[Elecraft] Is there a reason the receive is so Skinny

Jim Brown jim at audiosystemsgroup.com
Sun Apr 27 18:18:39 EDT 2014


On 4/27/2014 2:41 PM, Larry Wassmann wrote:
> Do you think any of us audio guys had any influence?

W4TV is "an audio guy" -- specifically a retired broadcast engineer who 
worked in TV. So am I "an audio guy" -- specifically a retired audio 
professional who worked in sound reinforcement, recording for broadcast 
and CD releases, and before that in broadcast radio and TV. I'm also a 
Fellow of the Audio Engineering Society.

W4TV is entirely correct in his recommendations, and the only extent to 
which we differ is that I strongly recommend an octave less low 
frequency bandwidth than he does. Using the TXEQ built into the K3, I 
recommend full cut of the three lowest octave bands (50, 100, and 200 Hz 
centers), and 6dB cut of the 400 Hz band.

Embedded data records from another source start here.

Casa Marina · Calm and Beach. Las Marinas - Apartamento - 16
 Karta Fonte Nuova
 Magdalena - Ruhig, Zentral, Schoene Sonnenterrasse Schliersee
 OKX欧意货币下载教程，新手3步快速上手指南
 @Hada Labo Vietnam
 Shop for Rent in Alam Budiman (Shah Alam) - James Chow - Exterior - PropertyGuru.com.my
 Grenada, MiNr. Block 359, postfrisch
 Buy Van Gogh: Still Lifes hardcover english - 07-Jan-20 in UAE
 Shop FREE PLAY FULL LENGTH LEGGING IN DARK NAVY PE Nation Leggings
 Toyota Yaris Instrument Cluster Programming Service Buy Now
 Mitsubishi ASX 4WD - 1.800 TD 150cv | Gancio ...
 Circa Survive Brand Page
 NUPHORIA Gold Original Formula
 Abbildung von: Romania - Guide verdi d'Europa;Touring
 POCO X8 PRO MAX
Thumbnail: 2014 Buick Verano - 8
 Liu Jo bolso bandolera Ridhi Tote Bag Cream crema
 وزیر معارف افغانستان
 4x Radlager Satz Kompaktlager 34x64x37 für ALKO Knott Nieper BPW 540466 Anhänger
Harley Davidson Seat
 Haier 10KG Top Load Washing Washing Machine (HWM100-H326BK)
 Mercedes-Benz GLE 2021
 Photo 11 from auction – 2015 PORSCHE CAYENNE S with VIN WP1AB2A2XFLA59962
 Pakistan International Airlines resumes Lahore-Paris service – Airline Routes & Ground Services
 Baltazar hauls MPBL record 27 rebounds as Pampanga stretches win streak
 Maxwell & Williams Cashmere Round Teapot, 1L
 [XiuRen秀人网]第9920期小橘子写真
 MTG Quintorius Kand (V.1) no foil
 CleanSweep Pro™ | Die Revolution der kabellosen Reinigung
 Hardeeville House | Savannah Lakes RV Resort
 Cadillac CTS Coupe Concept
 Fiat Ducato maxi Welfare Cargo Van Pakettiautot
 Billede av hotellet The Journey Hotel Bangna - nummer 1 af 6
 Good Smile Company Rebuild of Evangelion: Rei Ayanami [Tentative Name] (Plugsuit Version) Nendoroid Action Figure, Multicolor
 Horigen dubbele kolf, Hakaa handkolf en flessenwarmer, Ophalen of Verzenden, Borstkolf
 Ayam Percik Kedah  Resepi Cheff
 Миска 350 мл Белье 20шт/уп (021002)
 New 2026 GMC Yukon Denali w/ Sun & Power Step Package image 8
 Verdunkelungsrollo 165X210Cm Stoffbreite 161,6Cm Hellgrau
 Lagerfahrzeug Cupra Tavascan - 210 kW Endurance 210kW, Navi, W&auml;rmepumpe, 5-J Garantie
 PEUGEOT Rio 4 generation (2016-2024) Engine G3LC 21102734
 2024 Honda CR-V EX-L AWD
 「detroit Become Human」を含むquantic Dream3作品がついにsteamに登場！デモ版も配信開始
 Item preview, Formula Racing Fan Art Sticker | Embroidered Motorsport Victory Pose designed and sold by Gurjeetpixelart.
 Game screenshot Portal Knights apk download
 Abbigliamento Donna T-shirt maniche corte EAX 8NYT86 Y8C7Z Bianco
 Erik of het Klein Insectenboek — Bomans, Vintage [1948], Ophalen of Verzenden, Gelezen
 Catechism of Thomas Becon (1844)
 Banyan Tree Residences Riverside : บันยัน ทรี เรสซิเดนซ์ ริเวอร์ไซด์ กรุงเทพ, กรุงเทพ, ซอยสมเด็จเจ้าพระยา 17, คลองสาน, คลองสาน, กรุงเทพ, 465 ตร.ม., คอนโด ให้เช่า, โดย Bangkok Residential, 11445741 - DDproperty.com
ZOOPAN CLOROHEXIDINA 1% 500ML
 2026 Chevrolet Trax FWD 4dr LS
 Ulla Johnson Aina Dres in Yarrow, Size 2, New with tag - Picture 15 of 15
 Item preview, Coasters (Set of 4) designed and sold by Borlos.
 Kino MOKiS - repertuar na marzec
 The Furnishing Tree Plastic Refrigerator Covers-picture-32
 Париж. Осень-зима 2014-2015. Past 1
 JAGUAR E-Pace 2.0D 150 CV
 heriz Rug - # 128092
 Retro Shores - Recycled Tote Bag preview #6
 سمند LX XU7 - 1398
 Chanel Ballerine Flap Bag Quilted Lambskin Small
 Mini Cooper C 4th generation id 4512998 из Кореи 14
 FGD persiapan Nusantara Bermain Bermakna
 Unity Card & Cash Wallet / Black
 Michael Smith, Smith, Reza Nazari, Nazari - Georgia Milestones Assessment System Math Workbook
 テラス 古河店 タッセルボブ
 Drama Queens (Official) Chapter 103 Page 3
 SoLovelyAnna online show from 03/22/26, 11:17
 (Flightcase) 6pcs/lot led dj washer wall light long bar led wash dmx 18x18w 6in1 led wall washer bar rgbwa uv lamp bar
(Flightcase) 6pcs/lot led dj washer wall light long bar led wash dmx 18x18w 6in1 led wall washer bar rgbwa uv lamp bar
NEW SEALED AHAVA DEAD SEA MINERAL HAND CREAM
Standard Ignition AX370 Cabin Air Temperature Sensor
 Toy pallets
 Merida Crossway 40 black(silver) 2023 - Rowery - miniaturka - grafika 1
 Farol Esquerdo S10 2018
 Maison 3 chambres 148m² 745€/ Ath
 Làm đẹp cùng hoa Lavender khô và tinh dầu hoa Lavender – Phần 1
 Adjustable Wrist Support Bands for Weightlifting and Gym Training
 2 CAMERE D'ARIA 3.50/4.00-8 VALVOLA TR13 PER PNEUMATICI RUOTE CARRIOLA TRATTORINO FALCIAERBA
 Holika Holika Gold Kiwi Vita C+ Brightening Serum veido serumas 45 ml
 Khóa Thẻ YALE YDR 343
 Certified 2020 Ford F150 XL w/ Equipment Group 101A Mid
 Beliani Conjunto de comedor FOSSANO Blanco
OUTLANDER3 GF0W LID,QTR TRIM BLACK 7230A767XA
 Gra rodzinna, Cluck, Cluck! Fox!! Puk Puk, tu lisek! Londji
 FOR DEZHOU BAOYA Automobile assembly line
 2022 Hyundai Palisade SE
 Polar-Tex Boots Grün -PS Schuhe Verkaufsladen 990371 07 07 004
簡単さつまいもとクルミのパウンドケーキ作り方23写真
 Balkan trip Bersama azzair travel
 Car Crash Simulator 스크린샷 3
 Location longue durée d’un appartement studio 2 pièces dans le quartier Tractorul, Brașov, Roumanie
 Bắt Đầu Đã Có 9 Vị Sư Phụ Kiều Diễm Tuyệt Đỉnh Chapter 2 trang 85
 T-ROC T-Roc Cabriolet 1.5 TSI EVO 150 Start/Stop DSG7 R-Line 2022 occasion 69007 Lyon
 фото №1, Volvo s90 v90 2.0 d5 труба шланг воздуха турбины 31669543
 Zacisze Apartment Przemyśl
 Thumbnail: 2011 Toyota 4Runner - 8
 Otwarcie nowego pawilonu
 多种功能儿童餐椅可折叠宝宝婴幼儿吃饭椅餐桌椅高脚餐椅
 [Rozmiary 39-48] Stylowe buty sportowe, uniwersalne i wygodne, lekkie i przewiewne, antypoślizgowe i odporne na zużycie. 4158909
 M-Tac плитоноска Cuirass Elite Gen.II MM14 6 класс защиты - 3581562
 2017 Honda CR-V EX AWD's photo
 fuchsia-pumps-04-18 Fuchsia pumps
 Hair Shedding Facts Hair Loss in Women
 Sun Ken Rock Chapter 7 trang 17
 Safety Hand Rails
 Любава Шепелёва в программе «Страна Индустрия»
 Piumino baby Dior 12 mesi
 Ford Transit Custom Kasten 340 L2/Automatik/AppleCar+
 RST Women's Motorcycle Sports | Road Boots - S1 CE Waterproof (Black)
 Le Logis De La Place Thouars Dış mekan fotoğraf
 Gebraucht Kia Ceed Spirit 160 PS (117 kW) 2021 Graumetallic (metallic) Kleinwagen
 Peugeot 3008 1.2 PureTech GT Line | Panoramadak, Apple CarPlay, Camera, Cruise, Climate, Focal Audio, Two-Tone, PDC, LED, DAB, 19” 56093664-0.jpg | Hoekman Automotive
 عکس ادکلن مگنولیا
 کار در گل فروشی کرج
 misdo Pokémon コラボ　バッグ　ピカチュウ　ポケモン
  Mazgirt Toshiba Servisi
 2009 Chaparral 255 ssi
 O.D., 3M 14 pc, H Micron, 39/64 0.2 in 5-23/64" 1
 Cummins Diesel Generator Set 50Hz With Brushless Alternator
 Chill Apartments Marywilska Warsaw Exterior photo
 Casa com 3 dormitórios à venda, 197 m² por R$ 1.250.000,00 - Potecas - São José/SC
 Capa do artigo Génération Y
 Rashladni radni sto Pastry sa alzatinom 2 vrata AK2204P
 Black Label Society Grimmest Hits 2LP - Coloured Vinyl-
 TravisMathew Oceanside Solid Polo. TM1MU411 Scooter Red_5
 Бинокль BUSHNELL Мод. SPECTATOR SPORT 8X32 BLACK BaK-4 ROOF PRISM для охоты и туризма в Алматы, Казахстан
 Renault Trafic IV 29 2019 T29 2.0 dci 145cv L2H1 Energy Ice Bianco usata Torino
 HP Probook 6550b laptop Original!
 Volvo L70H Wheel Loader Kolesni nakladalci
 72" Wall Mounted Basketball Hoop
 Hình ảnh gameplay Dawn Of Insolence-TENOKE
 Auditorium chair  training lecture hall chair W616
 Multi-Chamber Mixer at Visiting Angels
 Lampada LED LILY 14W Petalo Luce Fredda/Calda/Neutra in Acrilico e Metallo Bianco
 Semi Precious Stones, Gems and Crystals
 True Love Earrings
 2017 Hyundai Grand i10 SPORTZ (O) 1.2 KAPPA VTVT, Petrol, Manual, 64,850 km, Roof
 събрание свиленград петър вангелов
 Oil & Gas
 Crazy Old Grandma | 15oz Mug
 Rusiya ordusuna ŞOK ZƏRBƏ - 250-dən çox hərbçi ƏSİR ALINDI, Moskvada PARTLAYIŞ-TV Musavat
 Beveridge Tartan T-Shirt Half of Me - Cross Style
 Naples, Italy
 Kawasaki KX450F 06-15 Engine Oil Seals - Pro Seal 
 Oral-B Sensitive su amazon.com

Why? Because as a consultant specializing in the design of very high 
quality sound systems for acoustically challenging performance and 
worship spaces, I learned that 90% of all speech intelligibility is 
conveyed between 400 Hz and 5 kHz, but that voices and room noise have 
lots of energy below 400 Hz that wastes TX power. The octaves below 500 
Hz contain about half of the ENERGY in speech, but contribute only about 
5% to speech intelligibility. So getting rid of that wasted power and 
cranking up the mic gain by 3dB is the equivalent of doubling our output 
power!

The octave above 3 kHz adds only 10% to speech intelligibility, but 
burns twice as much RF bandwidth. That's OK on a dead band, but it IS 
selfish and inconsiderate when others want to use that spectrum. As 
Riley Hollingsworth (the enforcement guy at the FCC who cleaned up the 
ham bands before retiring several years ago) has said both in print and 
at a speech at Dayton, "if you want to transmit wideband audio, get 
yourself a broadcast station." Riley is active on the ham bands. I've 
worked him several times during contests.

Why do rigs include equalizers? First, because hams want them, whether 
for a good reason or a bad one. HOW we use them is what matters.